Task requirements: Give the data again in full, with every character unchanged.

Material provided:
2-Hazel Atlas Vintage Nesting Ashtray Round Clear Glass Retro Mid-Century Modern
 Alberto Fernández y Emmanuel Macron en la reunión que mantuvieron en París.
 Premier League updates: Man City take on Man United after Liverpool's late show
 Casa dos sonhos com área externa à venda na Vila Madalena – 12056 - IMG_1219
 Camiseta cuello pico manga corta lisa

Exercise response:
2-Hazel Atlas Vintage Nesting Ashtray Round Clear Glass Retro Mid-Century Modern
 Alberto Fernández y Emmanuel Macron en la reunión que mantuvieron en París.
 Premier League updates: Man City take on Man United after Liverpool's late show
 Casa dos sonhos com área externa à venda na Vila Madalena – 12056 - IMG_1219
 Camiseta cuello pico manga corta lisa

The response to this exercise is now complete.